How to complete this task: In the entries below, locate the line with "Коттедж (Барнхаус), Отель Балтик-спорт", then give again that line and all lines after it, exactly, with pictures omitted.

Exercise materials:
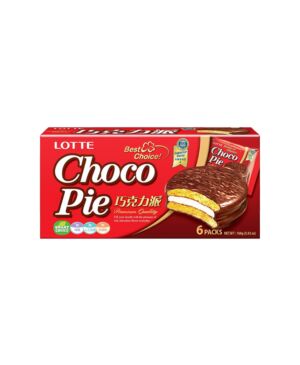 LOTTE Choco Pie 28g*6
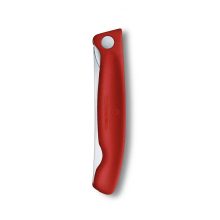 VICTORINOX Swiss Classic összecsukható kés (11 cm) piros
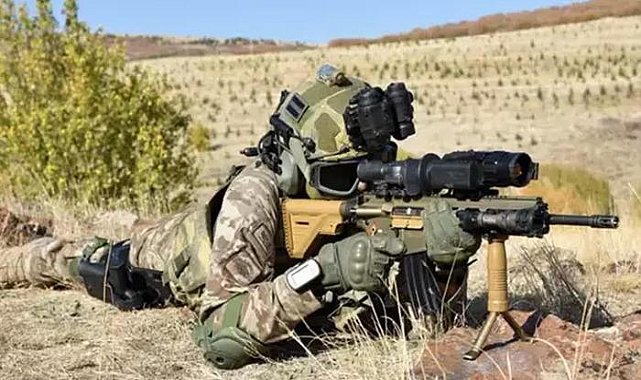 MSB duyurdu, PKK'ya ağır darbe! 13 terörist etkisiz hale getirildi
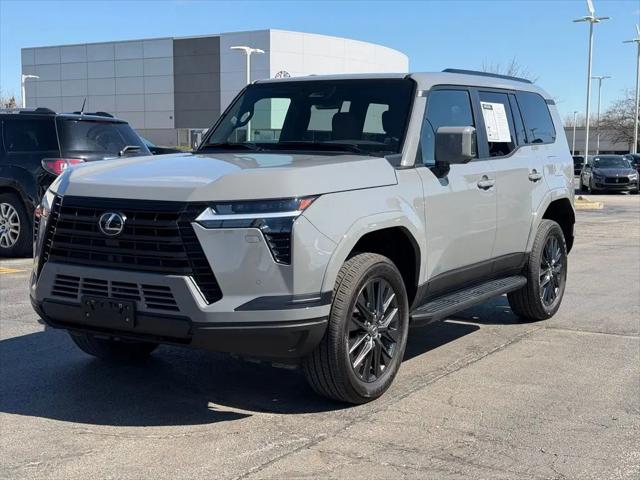 2024 Lexus GX 550 Premium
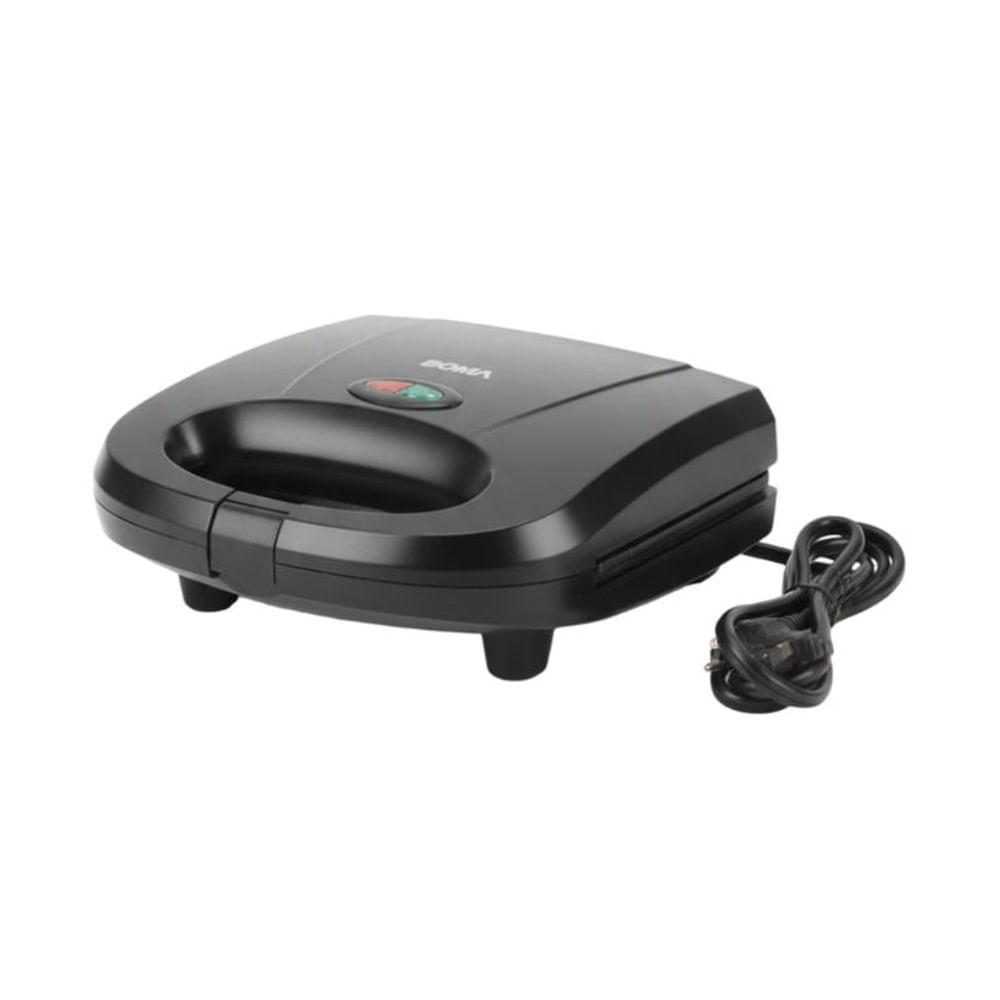 Sandwichera Bomn BM-002D De 800w Negro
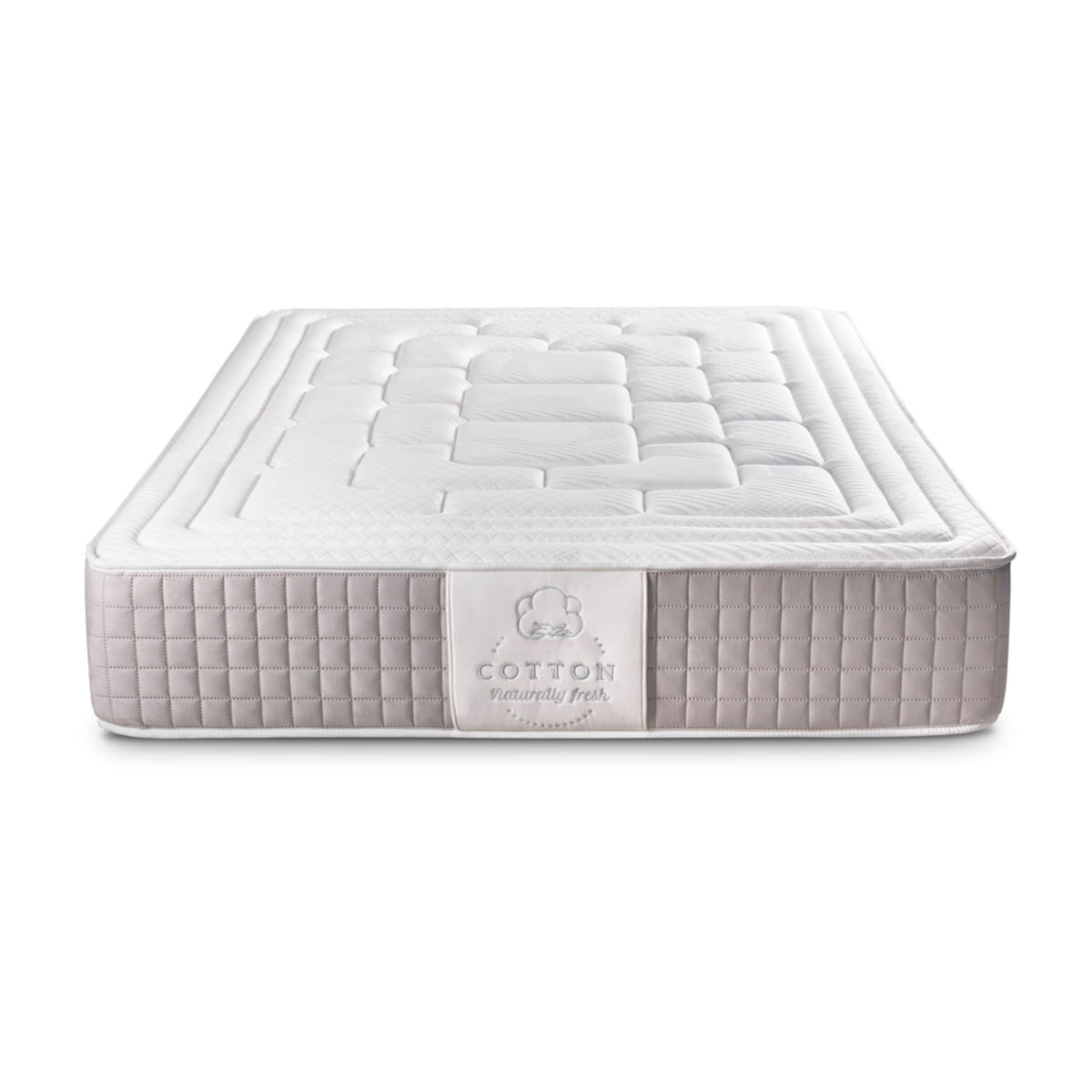 Colchon-Cotton-Comfort-Viscotechnology-nucleo-Flexcel-28kg-m3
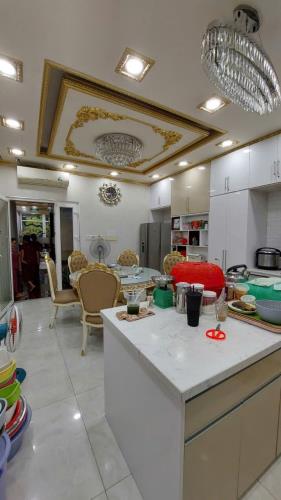 Bán Nhà MT Thạch Thị Thanh Tân Định Quận 1 Giá 52 Tỷ. - 2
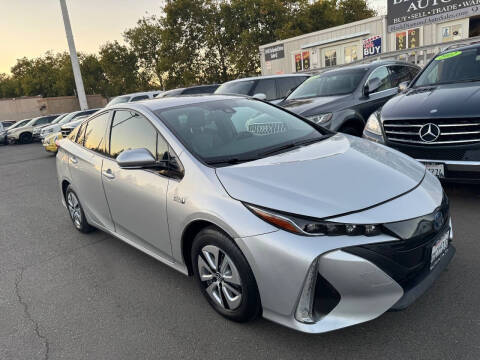 2018 Toyota Prius Prime Advanced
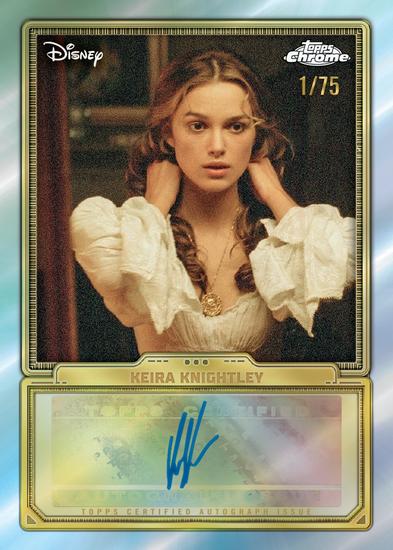 Image for Disney Mint Hobby Box (Topps 2025)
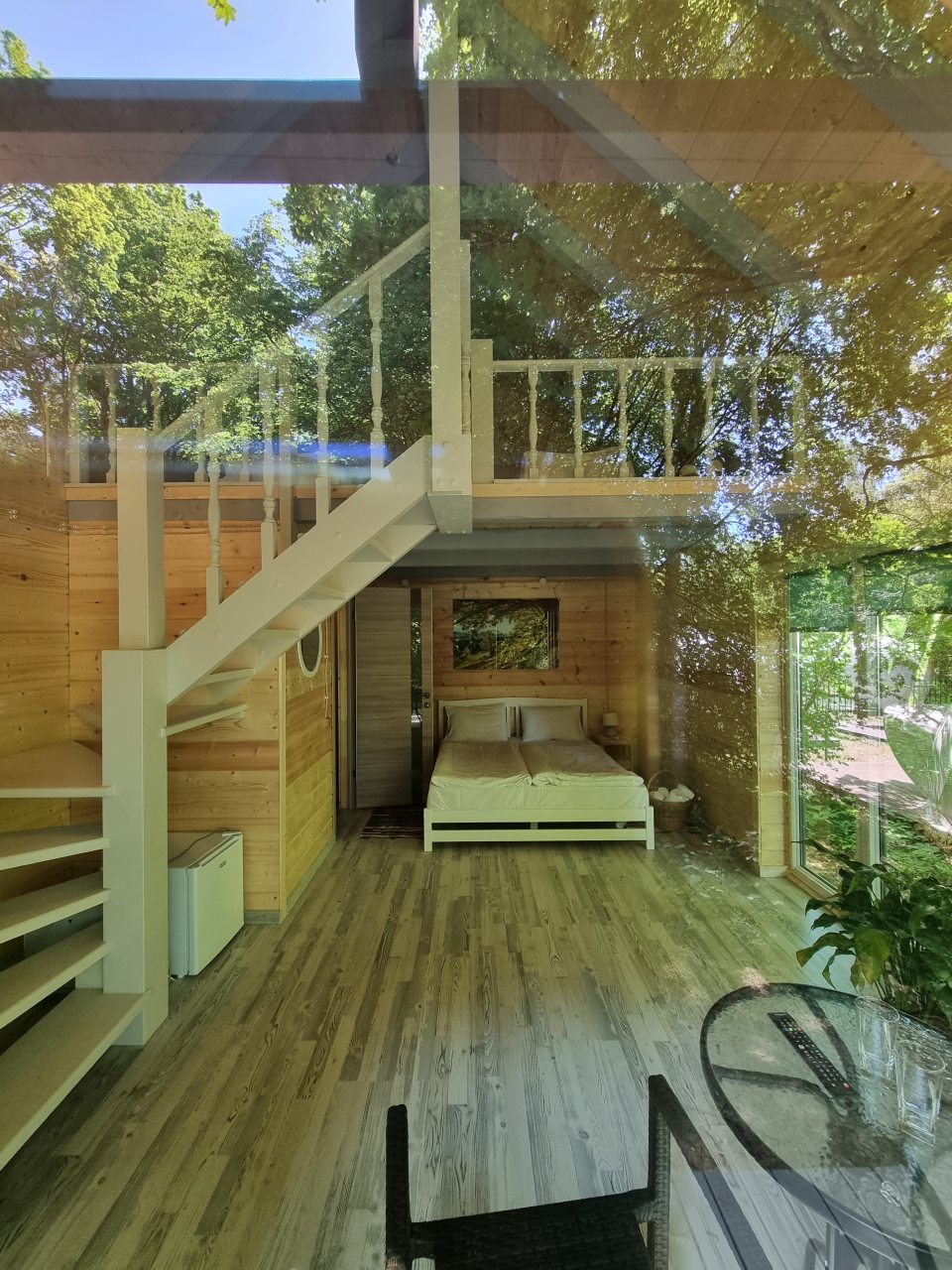 Коттедж (Барнхаус), Отель Балтик-спорт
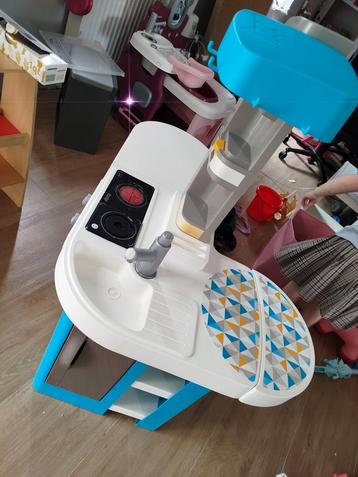 Smoby Studio XL bubble miniTefal speelgoed keuken beschikbaar voor biedingen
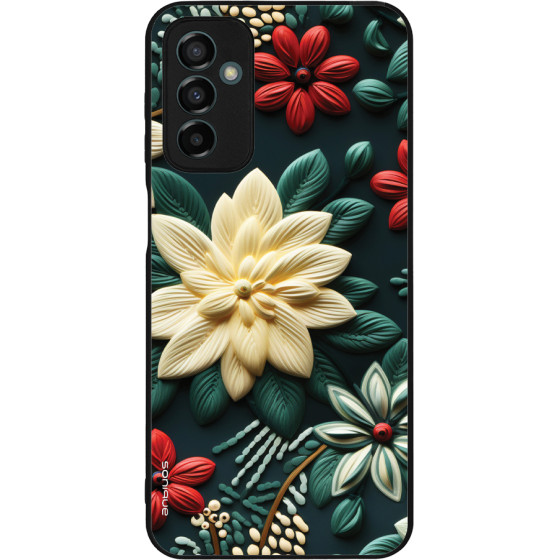 Sonique ���� 3D Flower Series ��� Samsung Galaxy M23 5G �������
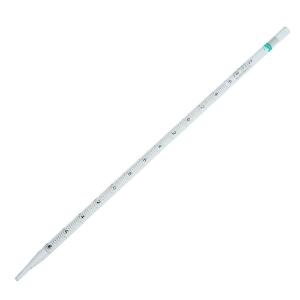 2 ml pipet, individually wrapped, paper/plastic, carton, sterile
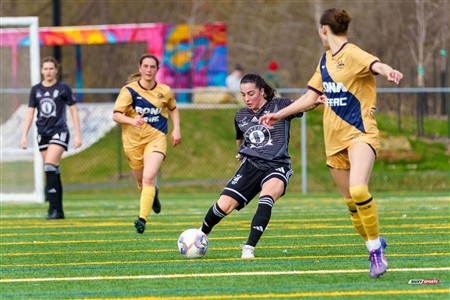 L2QC 2025 F - CS Boucherville (1) vs (1) Lévis-Est
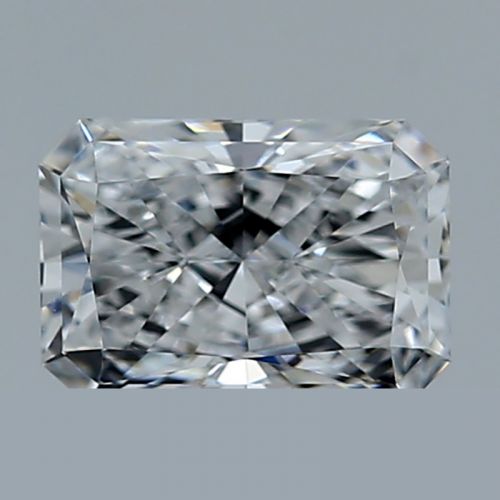 Radiant 0.93 Carat Diamond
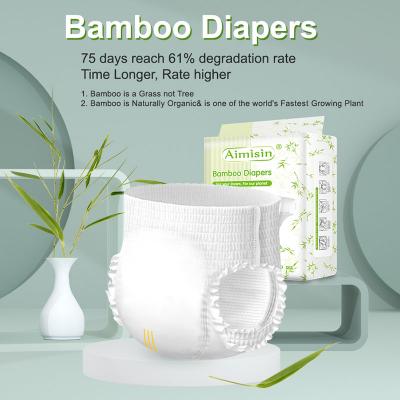 baby bamboo pants diapers
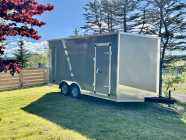 Enclosed Trailer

Written reply:
 Коттедж (Барнхаус), Отель Балтик-спорт
 Smoby Studio XL bubble miniTefal speelgoed keuken beschikbaar voor biedingen
 Sonique ���� 3D Flower Series ��� Samsung Galaxy M23 5G �������
 2 ml pipet, individually wrapped, paper/plastic, carton, sterile
 L2QC 2025 F - CS Boucherville (1) vs (1) Lévis-Est
 Radiant 0.93 Carat Diamond
 baby bamboo pants diapers
 Enclosed Trailer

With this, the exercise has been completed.